§ **About this task**
Each line of the data below between the one containing "Jumbo Pink Leopard Budha Bracelet Large" and the one containing "Usag Serie Di", both included, is to be repeated exactly. Please omit pictures.

§ **Material for this exercise**
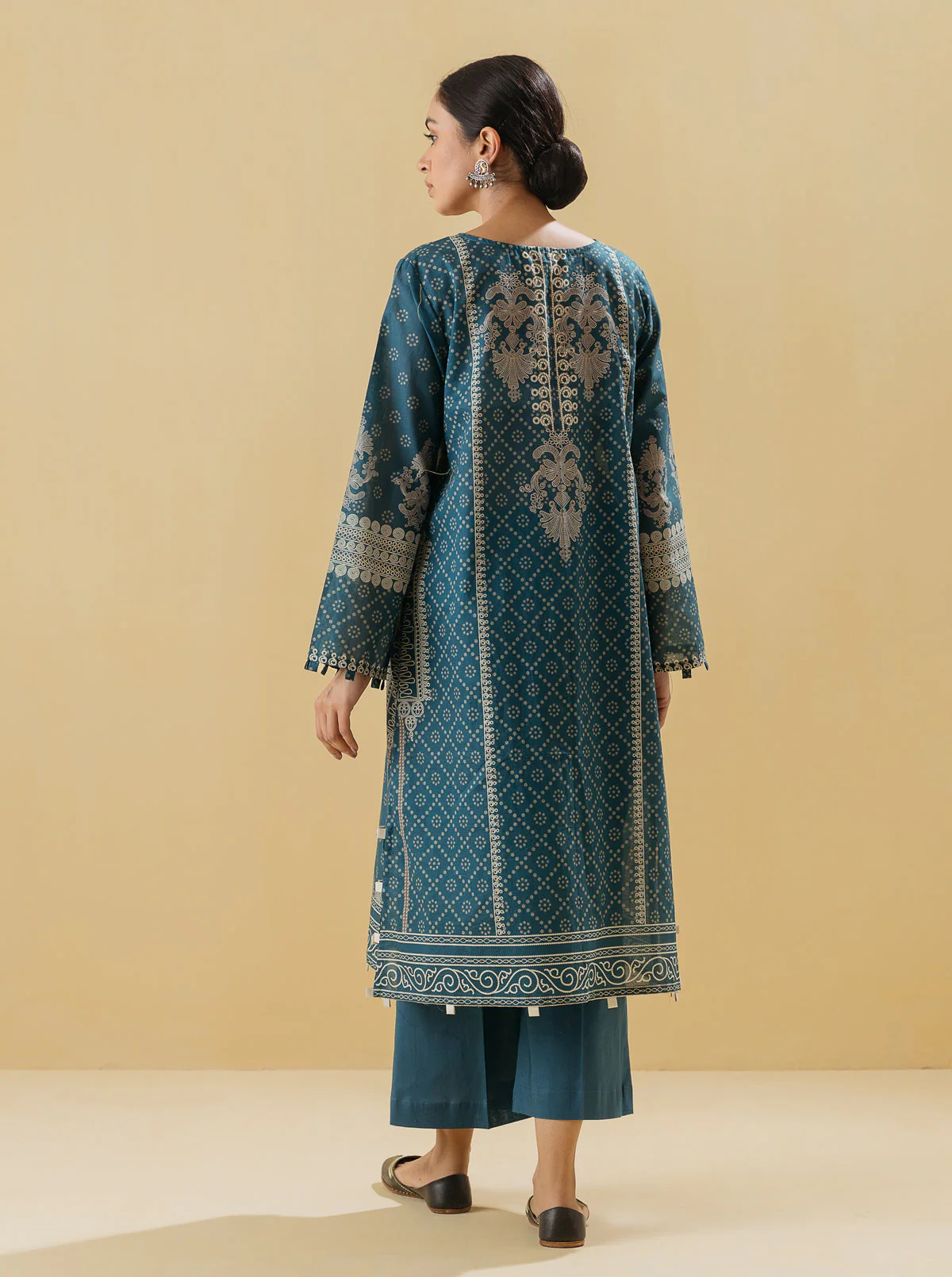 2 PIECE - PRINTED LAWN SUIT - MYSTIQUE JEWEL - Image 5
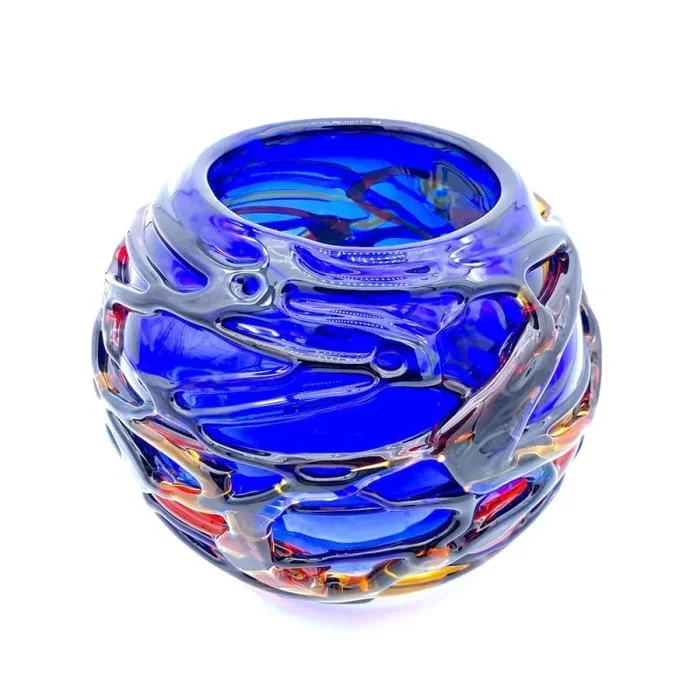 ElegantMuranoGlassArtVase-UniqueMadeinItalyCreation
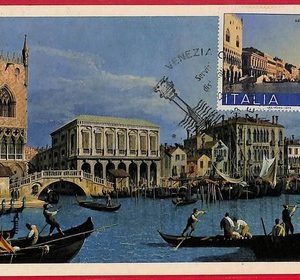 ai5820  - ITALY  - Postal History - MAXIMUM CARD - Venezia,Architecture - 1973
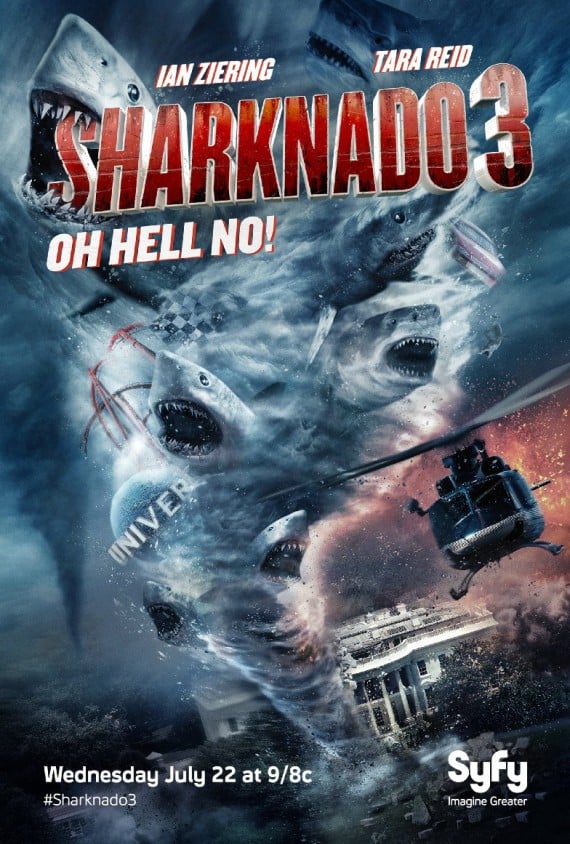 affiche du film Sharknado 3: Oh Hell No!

* * *

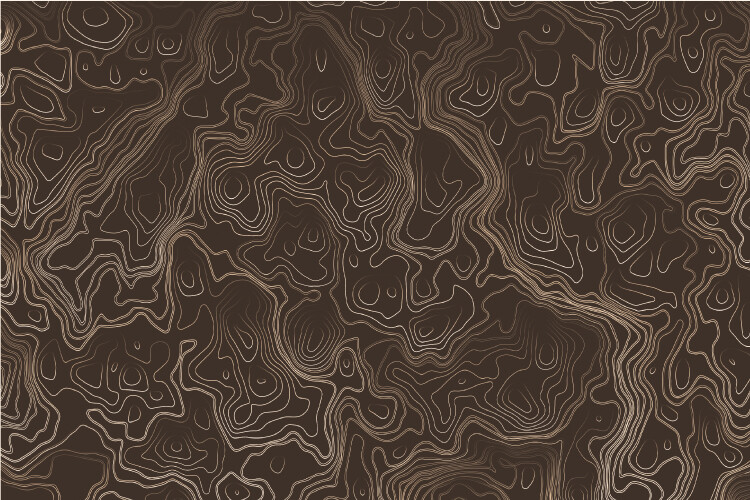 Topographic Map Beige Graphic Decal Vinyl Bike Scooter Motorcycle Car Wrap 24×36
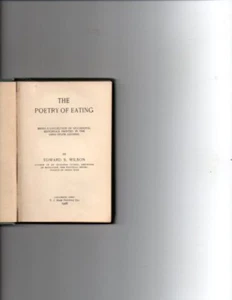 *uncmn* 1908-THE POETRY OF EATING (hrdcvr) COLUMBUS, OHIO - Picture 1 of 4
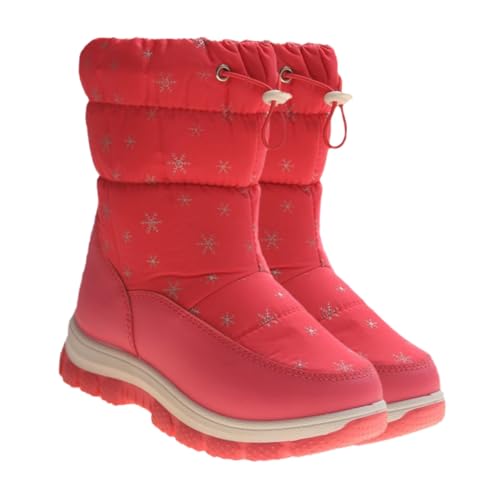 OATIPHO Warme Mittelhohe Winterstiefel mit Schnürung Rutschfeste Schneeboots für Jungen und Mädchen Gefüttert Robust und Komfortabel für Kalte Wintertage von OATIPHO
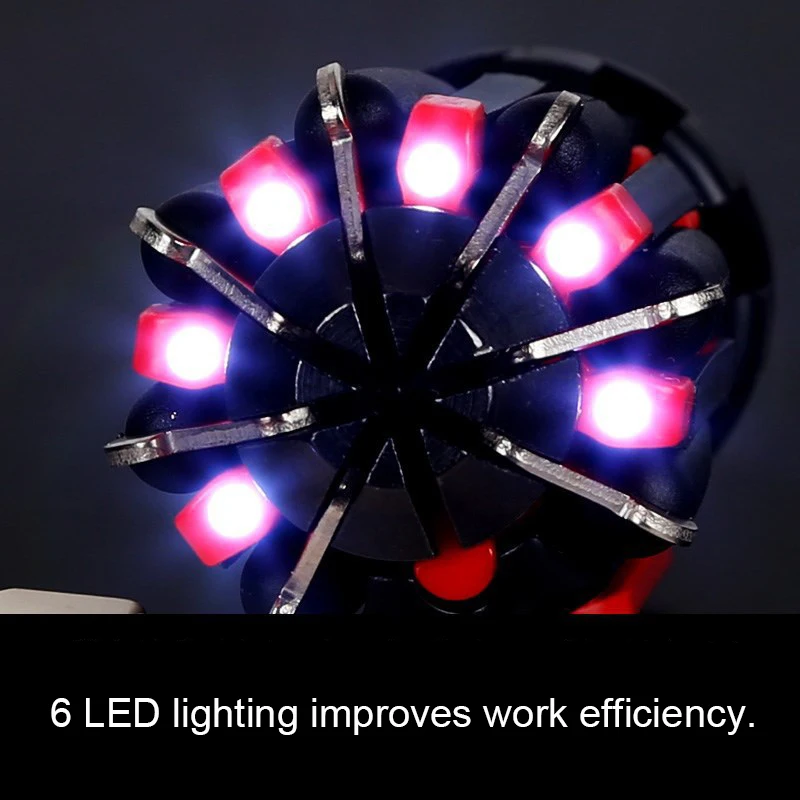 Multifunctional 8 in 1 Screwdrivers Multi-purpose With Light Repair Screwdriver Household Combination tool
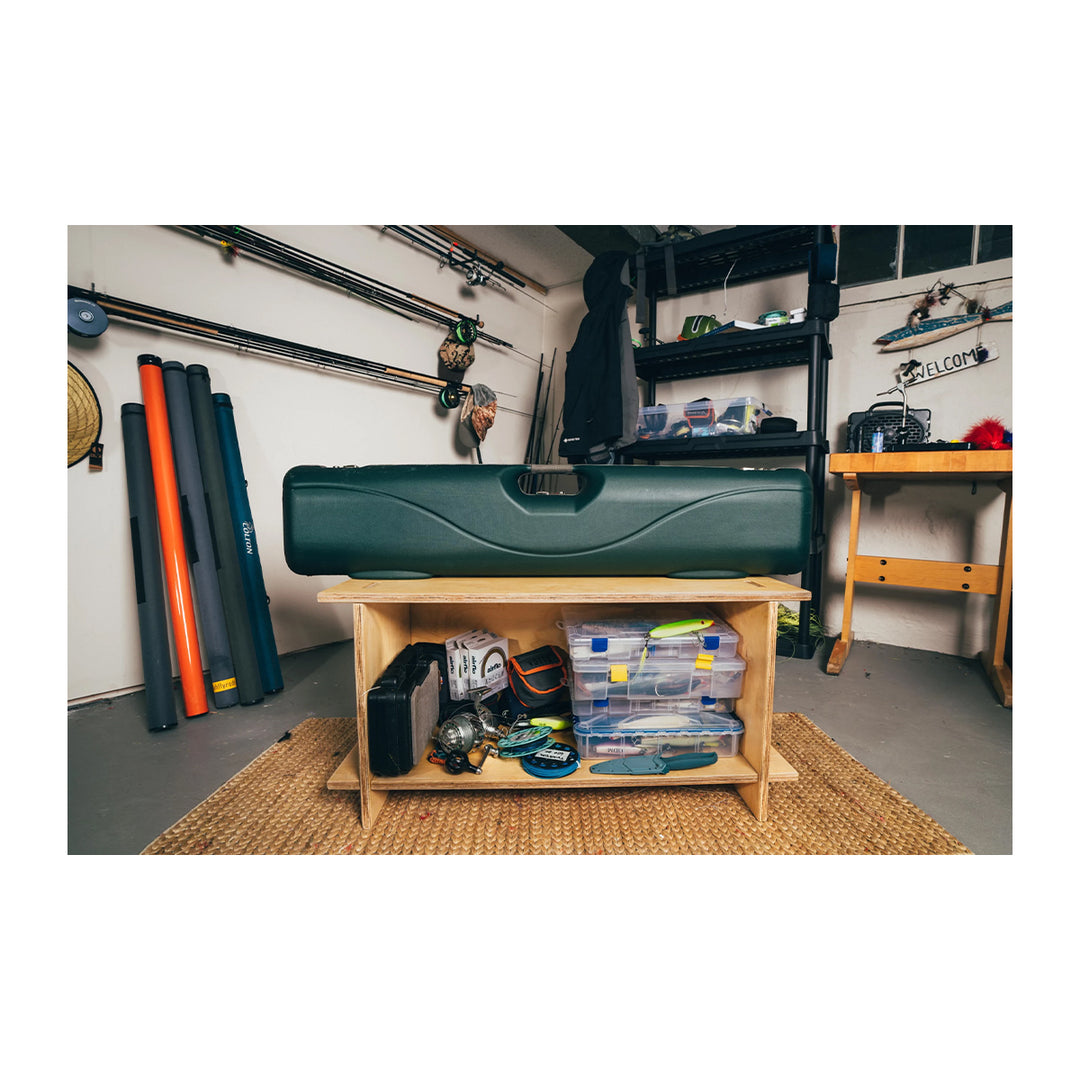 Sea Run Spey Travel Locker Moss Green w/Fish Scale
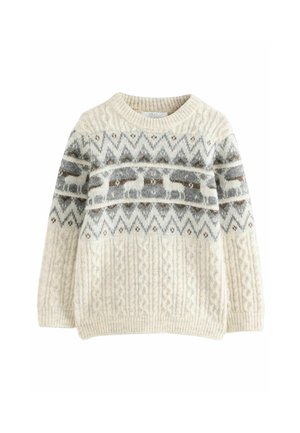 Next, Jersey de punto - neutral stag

--

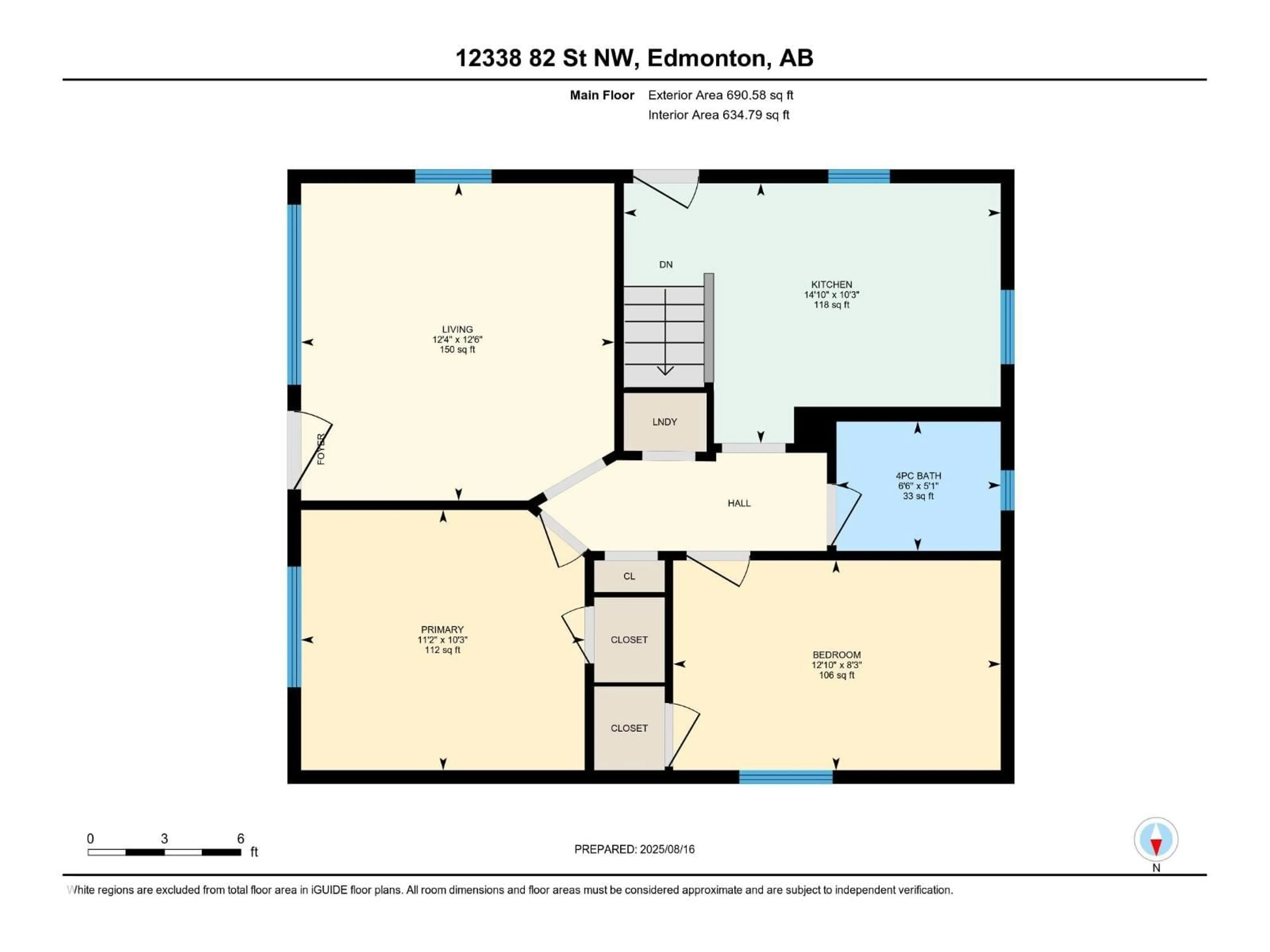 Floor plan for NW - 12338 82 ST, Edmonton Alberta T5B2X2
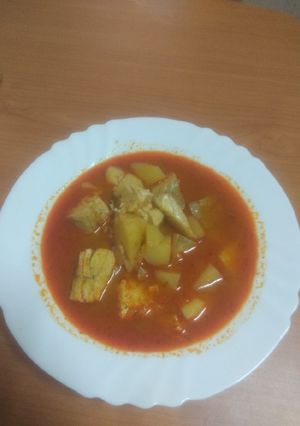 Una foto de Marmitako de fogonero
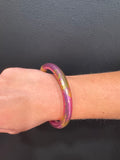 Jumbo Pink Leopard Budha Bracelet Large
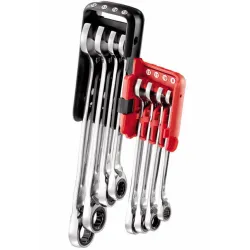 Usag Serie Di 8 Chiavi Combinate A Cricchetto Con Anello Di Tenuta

§ **Task result**
 Jumbo Pink Leopard Budha Bracelet Large
 Usag Serie Di 8 Chiavi Combinate A Cricchetto Con Anello Di Tenuta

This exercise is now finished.